I'm trying to decide how I should structure my storage usage in my application.
Let's say users can create "items" and those items can have files uploaded to them.
Should I have a table that is "item_files" which contains a reference + metadata to the uploaded image in storage.
Or should I structure my storage paths in a way that allows for listing the items? Eg /uploads/{itemId}/image.png
Is there a best practice approach? To me it feels safer to have a files table as that means I can control things like metadata (uploader, tags, etc) easier. It also means that you can fetch the associated files for an item, but also display all the files that a user has ever uploaded.
Just not sure if there's pros/cons for each approach so thought I'd ask the experts!
13 Replies
As these are not just less used files like profile picture where extra metadata and details are not that useful, i would choose storage + table since they are used by user, which will give you ability to filter files for any future use case easily
⚠️ Not expert
Good call, appreciate the insight. Any idea if there's a way of creating a record in the table when an upload occurs? Feels like I could do a trigger, but I'd like to add data like "itemId" etc.
I guess I could upload the file then on the client create a new record using the upload response. Was hoping there'd be a neat SQL way of achieving it.
I guess I could upload the file then on the client create a new record using the upload response.this is straight forward and simple. or else can use database functions and triggers where functions can accept the extra details as arguments and run on insert trigger. But I see no advantage over above implementation other than more complication of writing function in plpgsql
Still this approach considered "as best" when the file has metadata ?
Or is better so save the file_path only and save the metadata inside the storage ? ( looks like now is possible to save "extra" metadat )
The metadata option did not exist then.
basically the best approach would be to create a table for the metadata ?
On the example above "items" would be something like "items_files"
or if have something more global could be "attachments"
the data could be something like this:
or how it could be with the metadata ?
Store everything in the metadata and then only the file_path in the table where i need ?

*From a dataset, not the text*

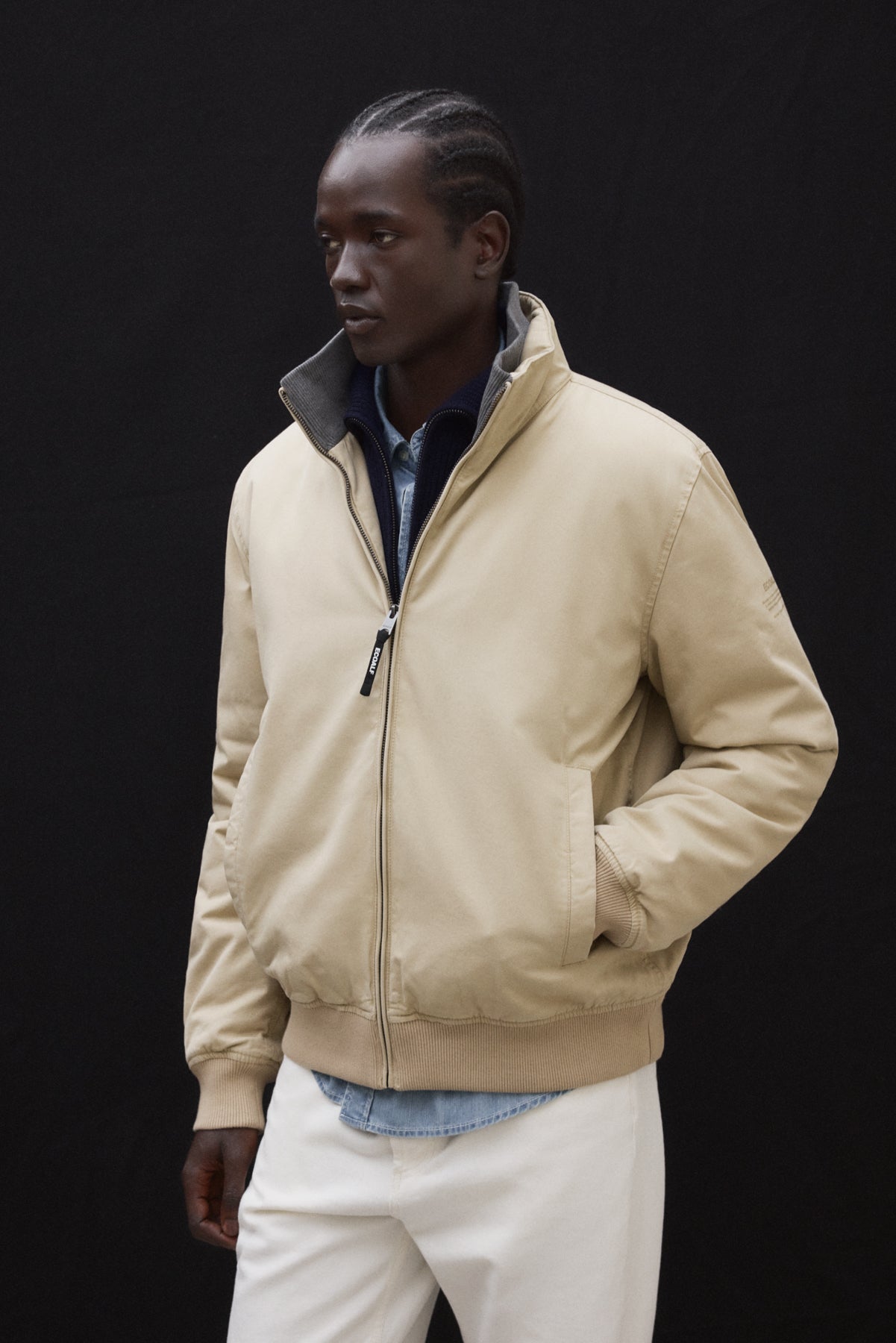 BEIGE NIZO JACKET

How can i retrieve the metadata in the response, for ex: when i get 1 item or list of items ?
( i'm trying to find out what is the best approach right now 🙂 )
The storage option for custom metadata did not exist to store any extra data when that was written. If you just want extra info that is probably the best way now. If you are going to need to search the metadata, then a table is probably still the best way as you can't control indexing on the storage.objects columns.

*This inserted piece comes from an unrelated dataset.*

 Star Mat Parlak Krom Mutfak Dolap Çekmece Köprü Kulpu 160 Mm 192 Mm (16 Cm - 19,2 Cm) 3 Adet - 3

I don't know what your list there represents as some of that is built in to the file metadata already. But if you are going to search on those things then the extra table is better.
Also I would not store a URL or id from storage objects, but the file path. You can build the public url with simple string concatenation and if the base URL changes in the future you don't have a bunch of URL's to update. All the REST API calls need a path so the id is not of much use.
Also I would not store a URL or id from storage objects, but the file path. You can build the public url with simple string concatenation and if the base URL changes in the future you don't have a bunch of URL's to update. All the REST API calls need a path so the id is not of much use.
Thx @garyaustin for the explanation!
About the URL is a good point, that i didn't know before.
Updated example:
Let's says i would like to fech all items for the table "items".
If i have a table named" items_files" i could just joind the tables and get all results.. something like this:
This can't be done with "metadata" or is it ?
It can't be done thru the REST API with storage metadata. You can't join data in two schemas. You might be able to use a view to the join and query that.
@garyaustin should the "path" includes the "bucket name" ?
Up to you. If you have a fixed bucket for that type of file then I would not as it is wasted space. Plus when you use REST storage calls bucket and path are separate things so you would have to split it out before make the rest call.
Ok
Basically the bucket “should/can” be hard-coded everywhere and only the path is dynamic?
Thx again 🙏
It really depends on what you are doing. But if you have say an product-images bucket and a products table with a path for an image then you know they are in the product_images bucket for that image type. If you had buckets for different types of products then you may need to save the bucket either in a column or as the the path name and then do a string split to get the bucket and path for your storage REST call.